Mourão deu a declaração durante uma videoconferência do Conselho Nacional de Justiça (CNJ) para discutir a agenda 2030 para o desenvolvimento sustentável.
O vice-presidente comanda o Conselho Nacional da Amazônia Legal. Desde maio, o órgão coordena a Operação Verde Brasil 2, das Forças Armadas, a fim de combater crimes ambientais, como queimadas e desmatamento.
Mourão declarou que o Brasil é “uma potência agroambiental” e que o sucesso das exportações está na confiança dos mercados internacionais nos “elevados padrões socioambientais” do agronegócio. Por isso, diz, a importância de combater crimes ambientais.

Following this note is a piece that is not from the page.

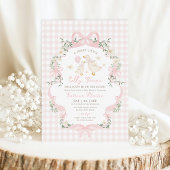 Invitation Preppy Silly Goose Pink Bow Girl Baby Shower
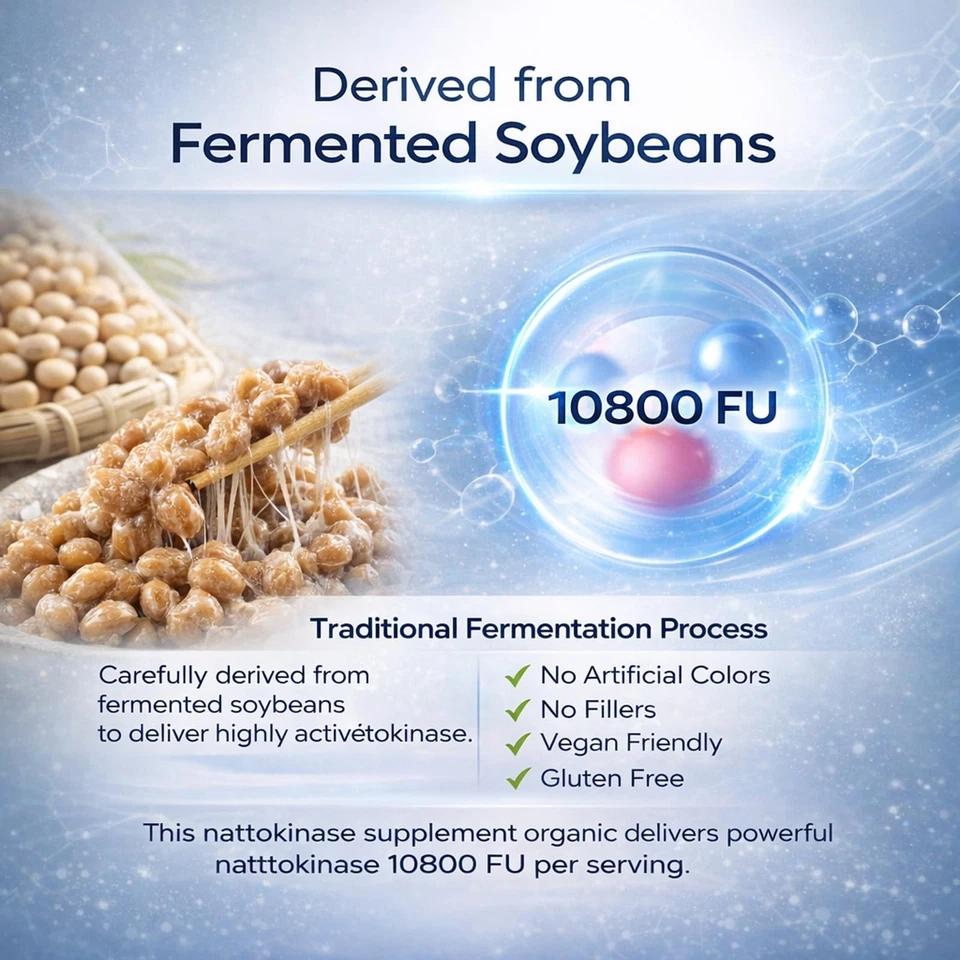1-3X Nattokinase Supplement - 10800 FU 60 Capsules Per Serving HOT 2026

“Como se não bastasse o prejuízo ao patrimônio brasileiro, os crimes ambientais deixam nosso país vulnerável a campanhas difamatórias, abrindo caminho para que interesses protecionistas levantem barreiras comerciais injustificáveis contra as exportações do agronegócio”, disse o vice-presidente.
O governo brasileiro tem recebido cobranças de investidores nacionais e estrangeiros por mudanças na política ambiental do presidente Jair Bolsonaro. Mourão já realizou conversas com empresários e investidores para tentar conter o desagaste de imagem do país.